生徒会長に任命します!〜会長だって恋する乙女?!〜


 手持ちぶさたな私は、そういえばミドリは祝辞の片付けだったなと思い出し脚を進めた。

「すみません」

 廊下を闊歩していると、後ろから声をかけられ振り向いた私は。

 疲れた、じゃない違う衝動で。

 足が竦んでその場から動けなくなってしまった。

「………っ」

「ただいま、千紗。
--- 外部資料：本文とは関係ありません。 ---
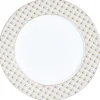 Assiette plate blanche bordure rayons doré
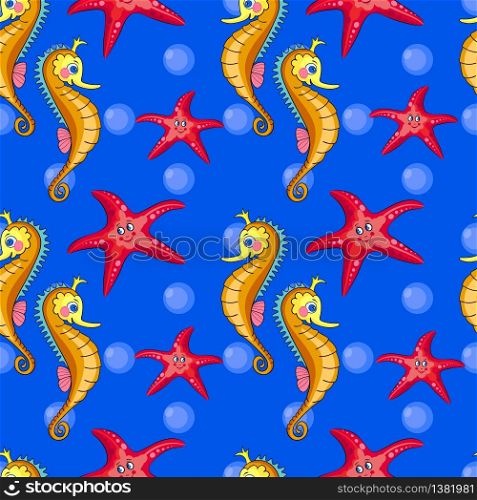 Funny orange seahorse.Big Red Starfish in the bubbles on a blue background. Marine seamless pattern for baby. Vector illustration for children. Can be used for fabric,textile,wrapping paper.. orange seahorse.Big Red Starfish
約束通り、迎えに来たよ」

 にやり、と口角を上げ、ゆっくりと私に一歩ずつ近づいてくる。

 声をかけてきたのは紛れもないアイツ、なのに、何かがおかしい。

 違和感を感じた私は、まばたきも忘れて、その違和感を探した。

 コイツが私と同い年なのは、ミドリも啓輔も祥也も知ってることであって紛れもない事実。

 じゃあ、何故?

 新1年生の証である『赤い校章』を、しかも真新しいこの学校のブレザーに付けてるのっ?!

 ぱっ、と自分の校章に視線を落とす。

 でも、自分のブレザーについている校章は3年の証である『緑色』で。

 再び、視線を前に戻すのと同時に、腕を掴まれた。

「ねぇ。『おかえりなさい』は?僕のこと、待ち遠しかったんでしょ?」

「………っ」

 気付けば私の呼吸は乱れていて、声にならない叫びをあげることで精一杯だった。